Durch Schweißarbeiten Strohlager zerstört
Im August
1999 ist es infolge unachtsamer Schweißarbeiten an einem neuen Strohlager in Tungeln
morgens zu einem Brand gekommen. Die freiwilligen Feuerwehren aus Wardenburg, Littel und
Sandkrug wurden alarmiert.
In direkter Nachbarschaft zu dem Gebäude befand sich auch ein neuer Bullenstall,
der durch die enorme Hitzestrahlung auch Feuer zu fangen drohte.

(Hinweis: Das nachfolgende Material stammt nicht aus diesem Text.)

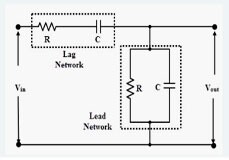 使用運(yùn)算放大器的文氏電橋振蕩器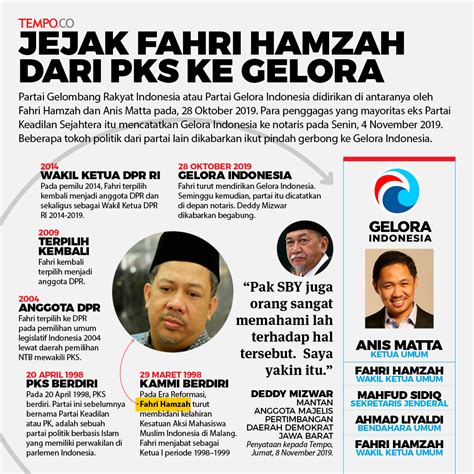 De wave party van indonesian people wordt afgekort door de naam van het. Wallpaper Partai Gelora : Logo Partai Gelora Hd / Partai ...
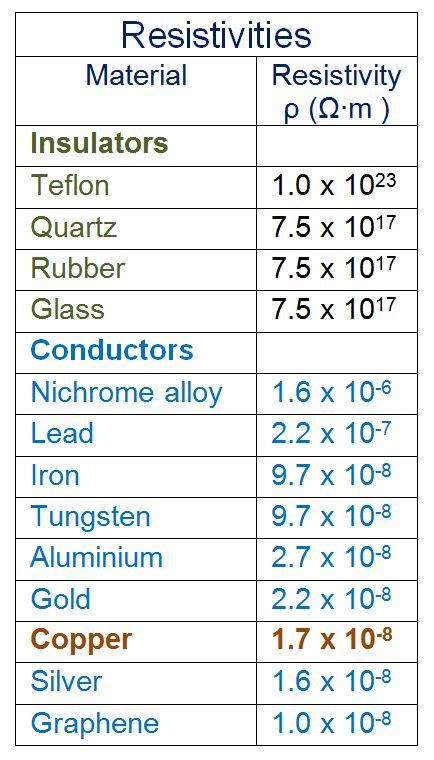 Bulk Properties Of Copper Density And Resistivity 16 18 Knowledge Base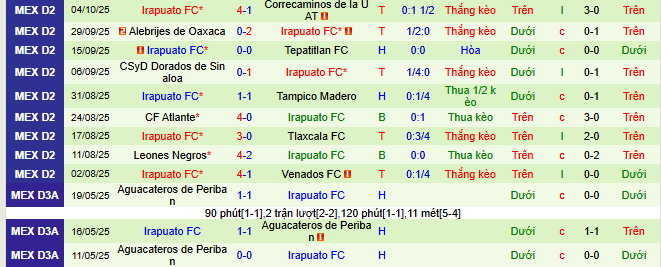 Nhận định, soi kèo Cancun vs Irapuato - Ảnh 2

Aus diesem Grund wurde das Hydro-Schild der Feuerwehr Littel in Stellung
gebracht, welches den Stall dann vor der Hitze schützte und die Tiere
somit in dem Gebäude verbleiben konnten. Mit einer zusätzlichen Tierrettung
wäre der Einsatz noch ungleich schwieriger ausgefallen, als er ohnehin
schon war.
Direkt
neben dem Brandobjekt stand ein noch voller Strohanhänger, der durch die
Hitzestrahlung Feuer gefangen hatte. Der Landwirt brachte mit seinem Schlepper
das brennende Gefährt auf einen benachbarten Acker, wo es ausbrennen konnte.
Löschen hatte hier keinen Zweck mehr.
Inzwischen war ein Radlager geordert worden, der das wackelige Gebäude von seinem
brennenden Stroh befreite und dieses auf dem Acker ausbreitete. Die Feuerwehr Sandkrug
löschte die Fuder ab. Erheblich verzögert wurde der Einsatz durch den moorigen Boden.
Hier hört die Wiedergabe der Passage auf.